ReViews: Fleecing Library Budgets

This two-volume set, The Oxford Encyclopedia of Bible and Archaeology, consists of 135 articles taken from the “more than a dozen volumes” comprising The Oxford Encyclopedia of the Bible and identified by the series editor, Michael D. Coogan, and the volumes’ editor-in-chief, Daniel M. Master, as being of greatest relevance to “Biblical archaeology,” which includes both the Hebrew Bible and New Testament. While room exists for a revised and extensive Bible encyclopedia to replace works like the Anchor Bible Dictionary, a review of these volumes reveals that they will not fill that void and, unfortunately, do little to advance the discrete contribution of archaeology to Biblical studies.
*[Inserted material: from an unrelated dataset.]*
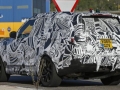 2017 Land Rover Discovery spied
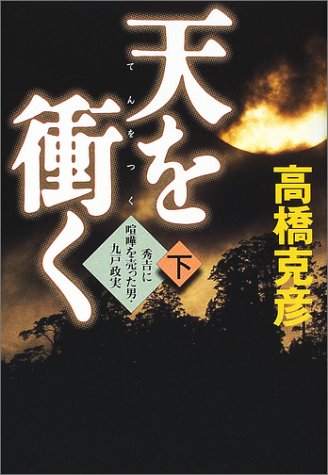 天を衝く〈下〉―秀吉に喧嘩を売った男・九戸政実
This work, as might be expected, consists of two types of entries: sites and subjects/themes. Insofar as the sites are concerned, the usual suspects appear with no substantive contribution to entries in existing reference works. The limited scope of the volume and the length of the articles mean that readers will not find sufficiently extensive treatments of these sites, for which The New Encyclopedia of Archaeological Excavations in the Holy Land (especially vol. 5; Israel Exploration Society and Biblical Archaeology Society, 2008) should be consulted instead, along with its better illustrations.

As but one example, while all five Philistine pentapolis sites are included, many other non-Israelite sites are omitted such as Tyre, Amman, Busayra, Wadi Feinan and Jaffa. And although some more recent excavations such as at Khirbet Qeiyafa, Ramat Rahel, and Rehov are featured, the volumes stretch their mandate by including entries on Pompeii and Herculaneum.